A Frente Nusrah, como era chamada a rede terrorista no território sírio, cometeu múltiplos atentados terroristas e matou milhares de pessoas. Cometia atrocidades contra minorias religiosas como os alauítas, cristãos e drusos. Posteriormente, rompeu com Baghdadi, mas manteve lealdade à Al Qaeda. Sua agenda sempre foi jihadista.
Viria a mudar o nome da Frente Nusrah para Hayyet Tahrir al Sham anos depois, distanciando-se da Al Qaeda, mas não do terrorismo. Na guerra contra a sanguinária ditadura de Bashar al Assad, acabou sendo a milícia rebelde mais bem-sucedida e controlava a Província de Idlib. Ao longo dos anos, travou batalhas não apenas contra as forças do antigo regime como também contra milícias curdas na fronteira com a Turquia.
No ano passado, em uma surpreendente ofensiva, conseguiu derrubar a ditadura de Assad. Assumiu o poder em Damasco, onde instalou uma nova ditadura de viés radical. Embora ele pessoalmente tente evitar ataques a minorias, ou diz tentar, seus seguidores realizaram massacres contra alauítas, drusos e atentados contra alvos cristãos. Aqui cabe explicar que a Síria é uma nação árabe, com uma minoria étnica curda. Em termos religiosos, a imensa maioria segue o islamismo sunita, com expressivas minorias cristãs orientais de diferentes denominações, drusas e alauítas, sendo estas duas últimas correntes místicas do islã.

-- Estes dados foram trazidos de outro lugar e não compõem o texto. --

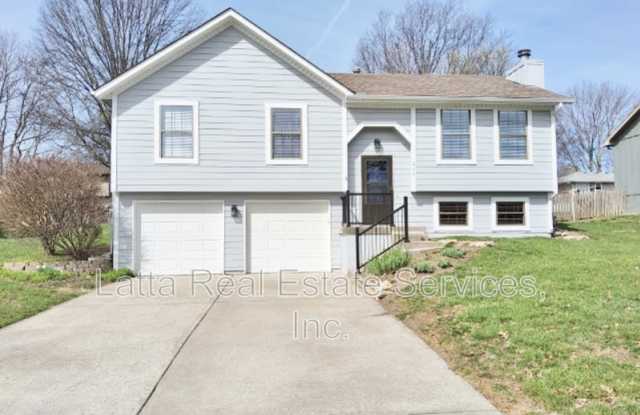 228 SE Bristol Dr photos photos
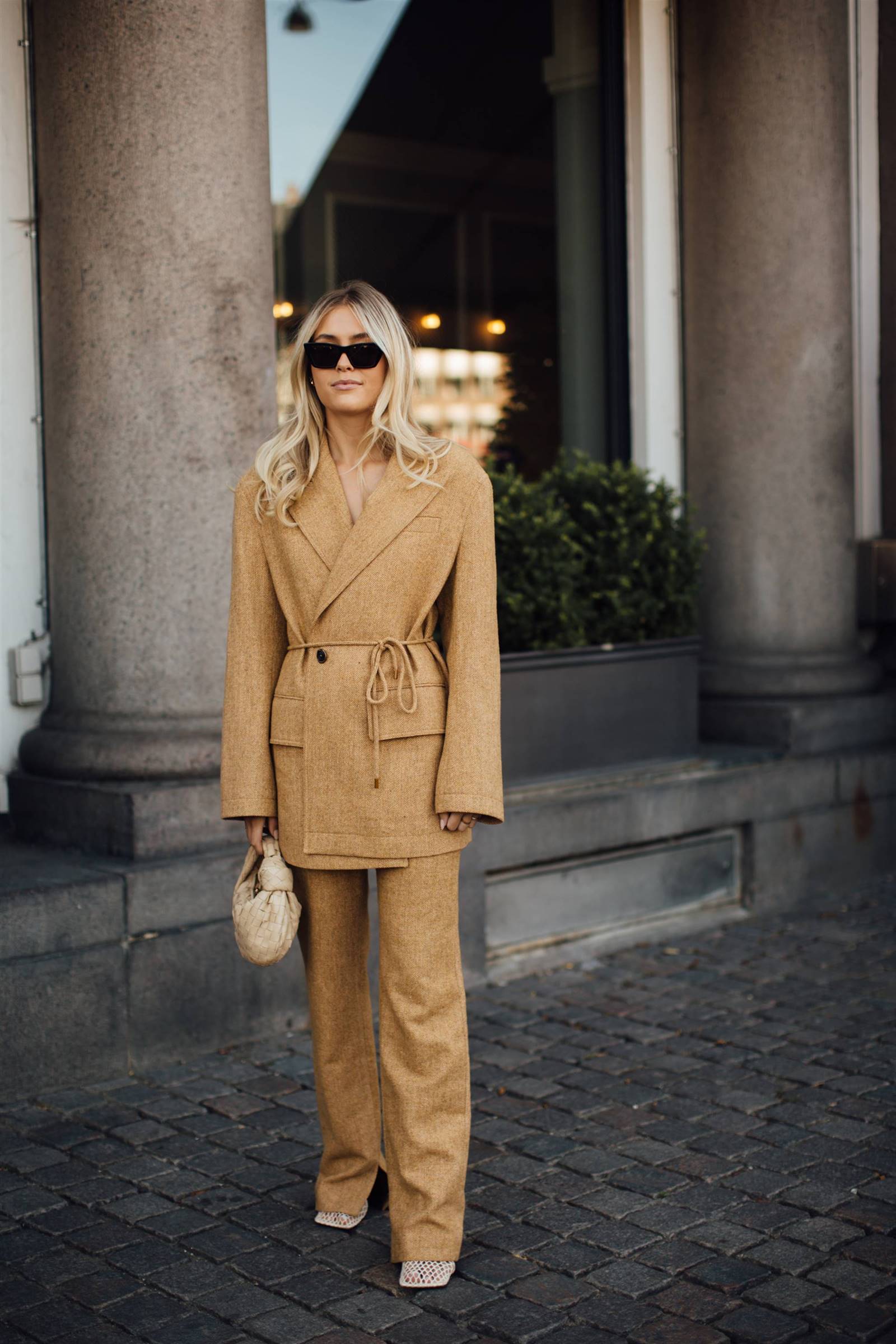 Looks para copiar en otoño: traje de chaqueta camel 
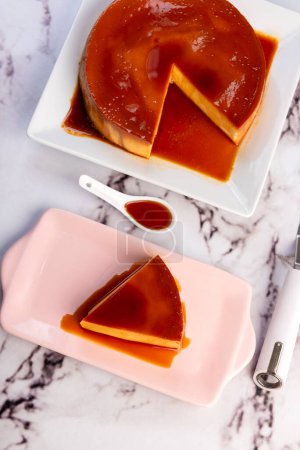 Téléchargez les photos : Flan maison ou fromage vénézuélien au caramel entier et en portions individuelles ou grandes sur vaisselle blanche - en image libre de droit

No exterior, amparado pela Turquia e pela Arábia Saudita, Al Shaara conseguiu trabalhar para melhorar a própria imagem, vestindo terno e adotando um tom conciliatório com os EUA. Evita uma retórica anti-Israel, embora Benjamin Netanyahu tenha ampliado a ocupação da Síria e forças israelenses deem apoio a certos setores da sociedade drusa da Síria. Desta forma, o ditador sírio conseguiu ser mais aceito por Washington, apesar de alas do Partido Republicano e mesmo do Democrata tenham cautela diante do seu radicalismo religioso.
Trump parece não se importar. Talvez seja simplesmente pragmatismo. Não há alternativa ao ditador sírio neste momento e, aparentemente, ele busca manter a estabilidade no país. Perseguição a minorias religiosas nunca foi um problema para os EUA desde que sigam aliados aos EUA – basta ver a Arábia Saudita, que ainda proíbe igrejas e sinagogas e é chamada de “moderada” em Washington.